I feel that way quite a bit about my faith. I can't and don't want to turn around and go back but going farther scares me as well. Where will it take me? What will I have to sacrifice? Will I lose all that comfort I have grown to like so much?

Are you stuck in the tube?

Does giving it all up for Him scare you?

Anyone else claustrophobic?

6 comments:

Natalie Witcher said...

I'm not claustrophobic. I could be locked in a closet and be fine. Just give me a book and a flashlight. Still, if i didn't have a flashlight I know eventually someone will get me out. Now, being stuck in a tube is a different story. But you could see the end right? weird.

Um, with God you might as well be ready to give up everything. It's not scary, just um, different.

Theresa said...

I get a different kind of clausterphobia...When I go to crowded places like concerts I have have to scope out where all the exits are becasue I get scared I won't find my way out.

It can be hard sometimes to give it all to God until you realize that it isn't yours to give it is his anyways.

Anonymous said...

I didn't know I was claustrophobic until I went for an MRI. I wondered why they kept asking me if I was claustrophic. I was in that little tube for about a minute when I yelled for help.
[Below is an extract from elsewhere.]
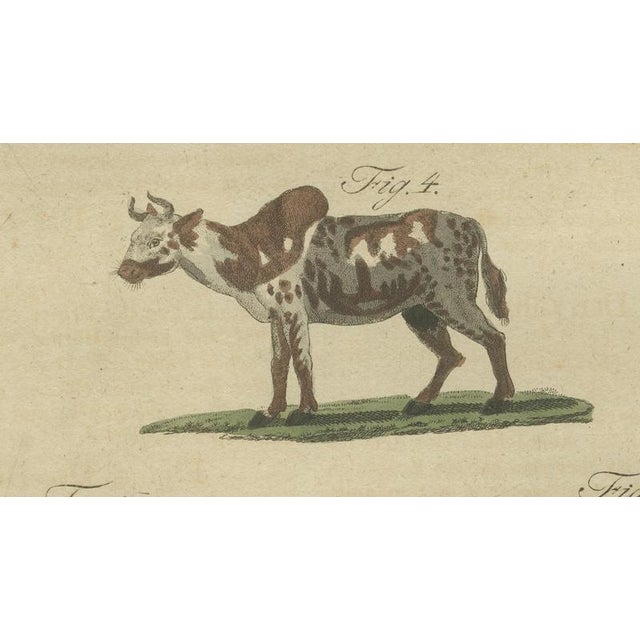 Paper Antique Indian Cattle, Buffalo & Musk Ox Engraving from Bertuch, 1796 For Sale - Image 7 of 10
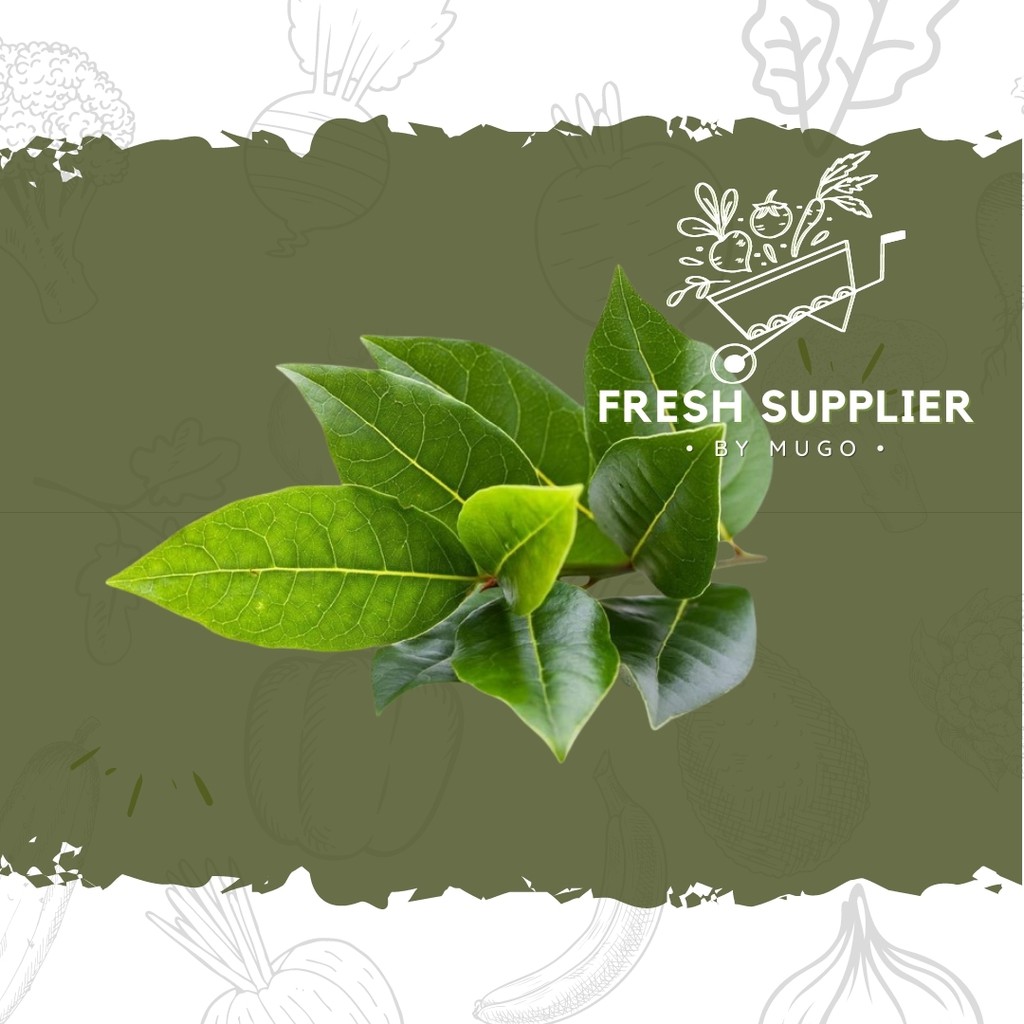 

Daun Salam 100g Fresh Supplier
Literally. It was awful. I had to reschedule and come back when I could get an IV of valium.

Terrible. Terrible, I tell ya. ANd, just reading your story made me take deep breaths.

As for giving it all to Him, I think I give something to Him every day.

Anonymous said...

I'm - let's just say - somewhat uneasy about confined spaces. I drive with my car window cranked down a crack all winter. I'll admit, I'm afraid He'll give me an assignment that scares me - even though I KNOW that He'd equip me for it - there are just some things I DO NOT want to do. But I think what scares me more is that if I don't keep going through that tube I'll end up with the life I had - for an eternity! And that scares me enough to push through. Great post, thought provoking.

Anonymous said...

I get claustrophobic when I walk into my closet...not because it's small, but the clutter drives me crazy. Same with the back, vacant, but full-of-junk bedroom. Clutter makes me feel anxious, panicky. and my precious husband is a pack rat--go figure!

Stonefox said...

I totally relate! I don't like feeling closed in at all. And at times, I have definitely felt that way with God too, and what He was requiring of me. There have been times when I could not see ahead...actually, most of the time is like that!

But I have ventured forward, bit by bit, and I am finding it the most awesome, incredible, and fulfilling thing EVER. It is beyond words, definiely scary, but I would not miss it for the world.

In my book, following the promptings to inch forward is what life is really all about. Can't get any better.